UniRepLKNet: A Universal Perception Large-Kernel ConvNet for Audio, Video, Point Cloud, Time-Series and Image Recognition UniRepLKNet:用于音频、视频、点云、时间序列和图像识别的通用感知大内核卷积网络
Xiaohan Ding ^(1**){ }^{1 *} Yiyuan Zhang ^(2**){ }^{2 *} Yixiao Ge^(1)\mathrm{Ge}^{1} 小寒 丁 ^(1**){ }^{1 *} 一元 张 ^(2**){ }^{2 *} 艺孝 Ge^(1)\mathrm{Ge}^{1}Sijie Zhao ^(1)quad{ }^{1} \quad Lin Song ^(1)quad{ }^{1} \quad Xiangyu Yue ^(2)quad{ }^{2} \quad Ying Shan ^(1){ }^{1} 赵思杰 ^(1)quad{ }^{1} \quad 林 宋 ^(1)quad{ }^{1} \quad 翔宇 岳 ^(2)quad{ }^{2} \quad 英山 ^(1){ }^{1}^(1){ }^{1} Tencent AI Lab quad^(2)\quad{ }^{2} The Chinese University of Hong Kong ^(1){ }^{1} 腾讯人工智能实验室 quad^(2)\quad{ }^{2} 香港中文大学https://github.com/AILab-CVC/UniRepLKNet
Abstract 抽象
Large-kernel convolutional neural networks (ConvNets) have recently received extensive research attention, but two unresolved and critical issues demand further investigation. 1) The architectures of existing large-kernel Convv Nets largely follow the design principles of conventional ConvNets or transformers, while the architectural design for large-kernel ConvNets remains under-addressed. 2) As transformers have dominated multiple modalities, it remains to be investigated whether ConvNets also have a strong universal perception ability in domains beyond vision.

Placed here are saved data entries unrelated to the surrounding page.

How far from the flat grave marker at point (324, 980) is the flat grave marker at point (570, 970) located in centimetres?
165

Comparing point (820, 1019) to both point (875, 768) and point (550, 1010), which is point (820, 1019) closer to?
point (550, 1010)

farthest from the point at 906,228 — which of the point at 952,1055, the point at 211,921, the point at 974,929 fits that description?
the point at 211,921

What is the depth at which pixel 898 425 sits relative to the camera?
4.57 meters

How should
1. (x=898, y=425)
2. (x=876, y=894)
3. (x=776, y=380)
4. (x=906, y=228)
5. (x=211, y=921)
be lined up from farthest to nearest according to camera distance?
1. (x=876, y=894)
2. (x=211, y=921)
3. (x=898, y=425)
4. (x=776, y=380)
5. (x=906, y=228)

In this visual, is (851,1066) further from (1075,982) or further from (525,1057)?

In this paper, we contribute from two aspects. 1) We propose four architectural guidelines for designing largekernel ConvNets, the core of which is to exploit the essential characteristics of large kernels that distinguish them from small kernels - they can see wide without going deep. Following such guidelines, our proposed large-kernel ConvNet shows leading performance in image recognition (ImageNet accuracy of 88.0%88.0 \%, ADE20K mIoU of 55.6%55.6 \%, and COCO box AP of 56.4%56.4 \% ), demonstrating better performance and higher speed than the recent powerful competitors. 2) We discover large kernels are the key to unlocking the exceptional performance of ConvNets in domains where they were originally not proficient. With certain modality-related preprocessing approaches, the proposed model achieves state-of-the-art performance on time-series forecasting and audio recognition tasks even without modality-specific customization to the architecture. All the code and models are publicly available on GitHub and Huggingface. 大核卷积神经网络 (ConvNets) 最近受到了广泛的研究关注,但有两个未解决的关键问题需要进一步研究。1) 现有大核 Con vv Net 的架构在很大程度上遵循传统 ConvNet 或 transformer 的设计原则,而大核 ConvNet 的架构设计仍未得到充分解决。2) 由于 transformers 在多种模态中占据主导地位,ConvNets 是否在视觉以外的领域也具有强大的普遍感知能力还有待研究。在本文中,我们从两个方面做出了贡献。1) 我们提出了设计 largekernel ConvNets 的四个架构指南,其核心是利用大内核区别于小内核的基本特性——它们可以看得更宽而不深入。按照这样的指导方针,我们提出的大内核 ConvNet 在图像识别方面显示出领先的性能(ImageNet 精度为 88.0%88.0 \% 、ADE20K mIoU 为 55.6%55.6 \% 和 COCO box AP 为 56.4%56.4 \% ),表现出比最近强大的竞争对手更好的性能和更高的速度。2) 我们发现大型内核是解锁 ConvNet 在最初不熟悉的领域中卓越性能的关键。通过某些与模态相关的预处理方法,即使没有对架构进行特定于模态的定制,所提出的模型也能在时间序列预测和音频识别任务上实现最先进的性能。所有代码和模型都可以在 GitHub 和 Huggingface 上公开获得。
1. Introduction 1. 引言
The design paradigm of convolutional neural networks (ConvNets) with very large kernels originated from RepLKNet [19] when the status of ConvNets was challenged by Vision Transformers (ViTs) [20, 22, 50, 74, 80]. Inspired 具有超大内核的卷积神经网络 (ConvNets) 的设计范式起源于 RepLKNet [19],当时 ConvNets 的地位受到视觉转换器 (ViTs) [20, 22, 50, 74, 80] 的挑战。启发
by ViTs that use global attention [20, 67, 80] or attention with large windows [50, 62, 78], RepLKNet proposed to use very large conv kernels. In contrast to the common practice using small kernels (e.g., 3xx33 \times 3 ) [28, 31, 34, 61, 66, 71, 92], which fails to obtain a large Effective Receptive Field (ERF) [55] even with numerous small-kernel layers, RepLKNet realizes large ERF and impressive performance, especially on tasks such as object detection and semantic segmentation. 对于使用全局注意力 [20, 67, 80] 或具有大窗口的注意力 [50, 62, 78] 的 ViT,RepLKNet 建议使用非常大的 conv 内核。与使用小核(例如 3xx33 \times 3 )[28, 31, 34, 61, 66, 71, 92]的常见做法相比,即使有许多小核层也无法获得大的有效感受野(ERF)[55],而 RepLKNet 实现了大 ERF 和令人印象深刻的性能,特别是在目标检测和语义分割等任务上。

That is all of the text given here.